Task goal:
Take from the entries below the stretch from the line with "How to build an earthship (filling tires)" through the line with "JOSEPH ABBOUD 【エコ素材/軽量/通気性/速乾性】ペーパーヤーンニット", and return it exactly, leaving the pictures out.

Records supplied:
%%
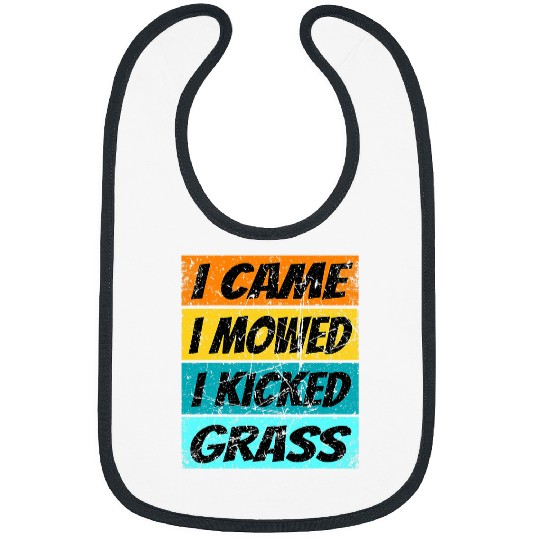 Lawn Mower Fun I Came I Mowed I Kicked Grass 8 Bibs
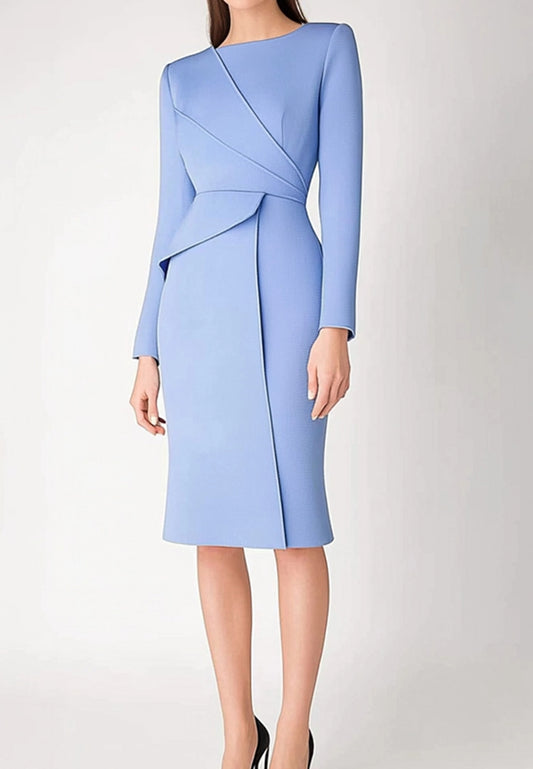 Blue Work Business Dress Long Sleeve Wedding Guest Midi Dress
%%
%%
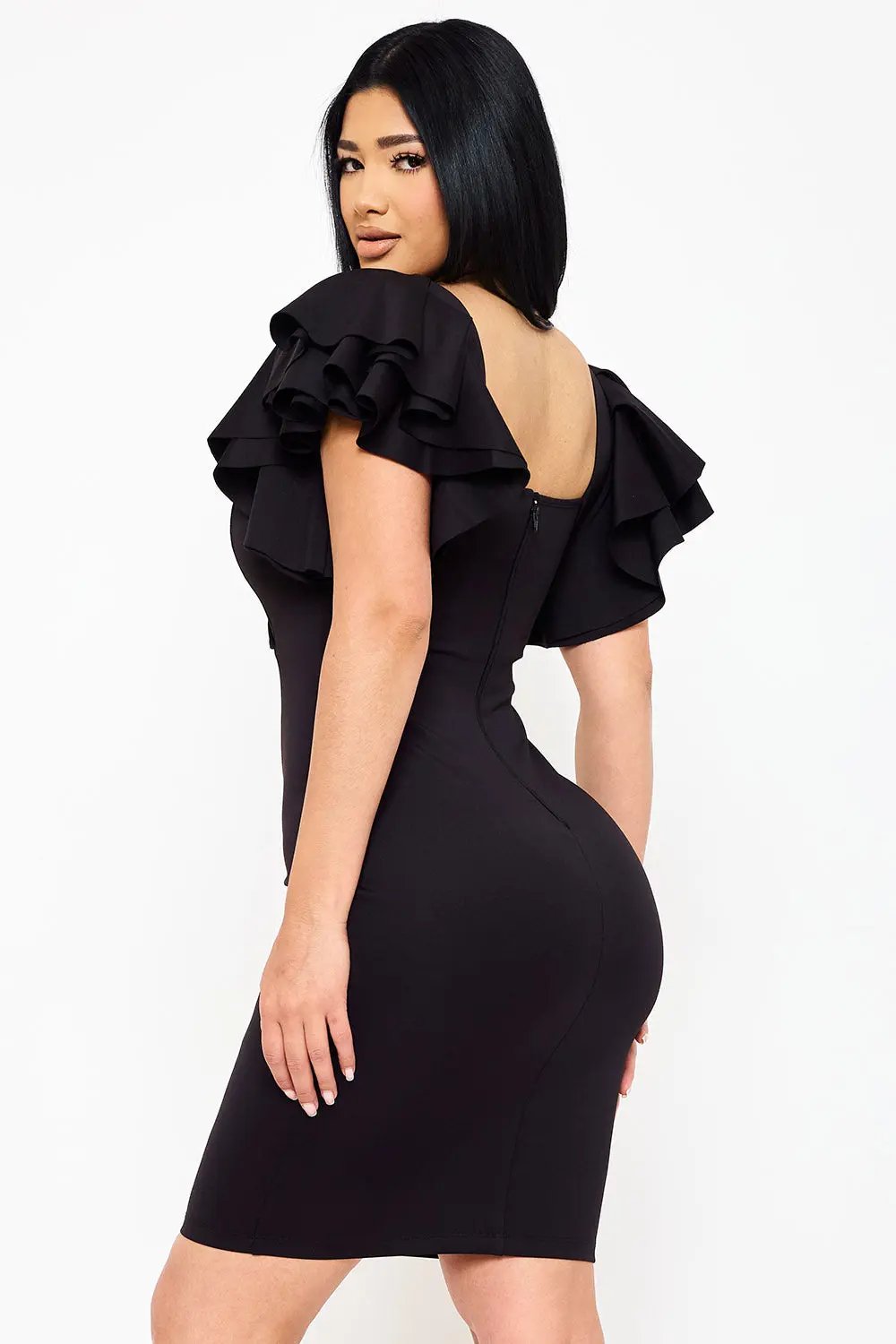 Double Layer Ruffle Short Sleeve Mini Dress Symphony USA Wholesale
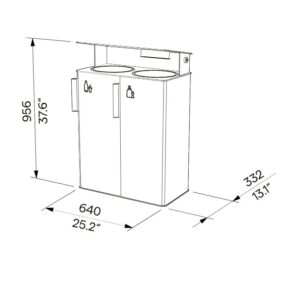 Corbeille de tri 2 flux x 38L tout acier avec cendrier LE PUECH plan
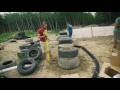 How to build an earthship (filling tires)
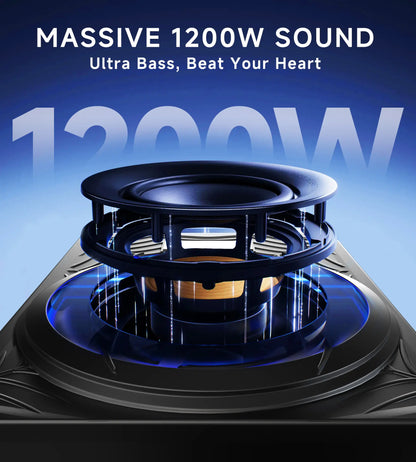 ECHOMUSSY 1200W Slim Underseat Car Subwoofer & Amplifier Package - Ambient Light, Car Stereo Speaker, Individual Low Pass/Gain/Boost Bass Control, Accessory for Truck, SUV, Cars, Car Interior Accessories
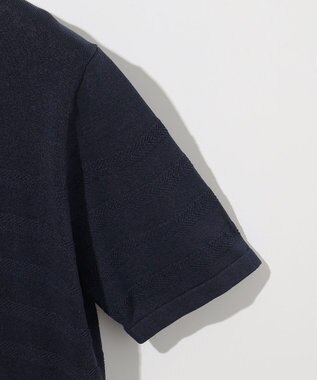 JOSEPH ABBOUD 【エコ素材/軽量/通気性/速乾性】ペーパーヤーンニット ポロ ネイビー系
%%
%%
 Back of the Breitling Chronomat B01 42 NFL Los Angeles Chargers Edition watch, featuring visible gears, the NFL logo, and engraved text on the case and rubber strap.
%%
Expected answer:
 How to build an earthship (filling tires)
 ECHOMUSSY 1200W Slim Underseat Car Subwoofer & Amplifier Package - Ambient Light, Car Stereo Speaker, Individual Low Pass/Gain/Boost Bass Control, Accessory for Truck, SUV, Cars, Car Interior Accessories
 JOSEPH ABBOUD 【エコ素材/軽量/通気性/速乾性】ペーパーヤーンニット ポロ ネイビー系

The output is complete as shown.